I am planning do to the rear cradle point just in front of the rear wheel arches, but I'm going to mount them differently to the cage. I'll show you tomorow.

Have you though of putting a second straigh bar under the dash below the steering arm. Only way I can see to get the box effect.

Mark

you don't need to seal the rear of the car, you just need to seal the fuel system off from the passenger compartment.
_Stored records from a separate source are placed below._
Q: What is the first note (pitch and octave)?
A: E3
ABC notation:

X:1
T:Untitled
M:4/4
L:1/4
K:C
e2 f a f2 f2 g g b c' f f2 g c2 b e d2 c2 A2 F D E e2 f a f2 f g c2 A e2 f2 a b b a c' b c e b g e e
Neil's car for instance had the fuel tank where the passenger would have been, and just had ally sheet blocking it off from the cabin

hey Mark

i think dave was thinking about putting a second bar under the dash but i think decided against it ( not sure why, though probably more to do with berry wants the bloody thing home to get stuck into building it:) )

it will be good to see your take on it.

and you are right, not sure whether the r34 will ever run as a sports sedan or just purely time attack ( which was original plan) , he has kept it low so we can get in and out a bit easier but i guess you never know when someone is going to try and come throught the drivers door, especially being carbon.

cheers russ

i think the cage should be pretty strong , i have seen his worked tested out many times before, as i used to mechanic for stewart reid a rally competitor & he tested out quite a few of dave's cages!! :D

including this one , second car in the vid (white evo 6) in tassie http://www.compfused.com/directlink/281/

Edited by giant

I have proof (unfortunately), sitting out in my front yard, that just about any cage with the basics will keep you safe as long as there's no direct impact. The cage in my now defunct combined touring car was fairly basic, but survived 2 good crashes without any damage at all.

The first had a lot of up and down impact as I hit a few hard ditches on the way down the hill with the car still upright and the parts that were damaged were the front and rear when the cage didn't go.

The second time it rolled 6 or 7 times and despite every panel being damaged, the cage is unmoved and unbent. The skin from the roof is actually molded around the cage so that you can clearly see the top and cross bar across the top.

I guess the moral of the story is once you've got your main hoop, a pillars and a few crosses in, the rest of the cage should be designed around rigidity of the chassis. The weakest point of the cage in terms of safety is always going to be a side impact on the doors, which you can't really do much about because the driver gets in the way of a bar across the middle!

Mark

I have proof (unfortunately), sitting out in my front yard, that just about any cage with the basics will keep you safe as long as there's no direct impact. The cage in my now defunct combined touring car was fairly basic, but survived 2 good crashes without any damage at all.

The first had a lot of up and down impact as I hit a few hard ditches on the way down the hill with the car still upright and the parts that were damaged were the front and rear when the cage didn't go.

The second time it rolled 6 or 7 times and despite every panel being damaged, the cage is unmoved and unbent. The skin from the roof is actually molded around the cage so that you can clearly see the top and cross bar across the top.

I guess the moral of the story is once you've got your main hoop, a pillars and a few crosses in, the rest of the cage should be designed around rigidity of the chassis. The weakest point of the cage in terms of safety is always going to be a side impact on the doors, which you can't really do much about because the driver gets in the way of a bar across the middle!

Mark

Im sorry to hear you had to suffer the misfortune of these types of things to be able to speak from experience on them.

Adam.

Both, but not enough of either in the last little while for my liking. I'm trying to put some effort into getting both cars up and running and getting back out there. I knot that when I start getting tempted to get my road car back on the track that withdrawls are starting to set in.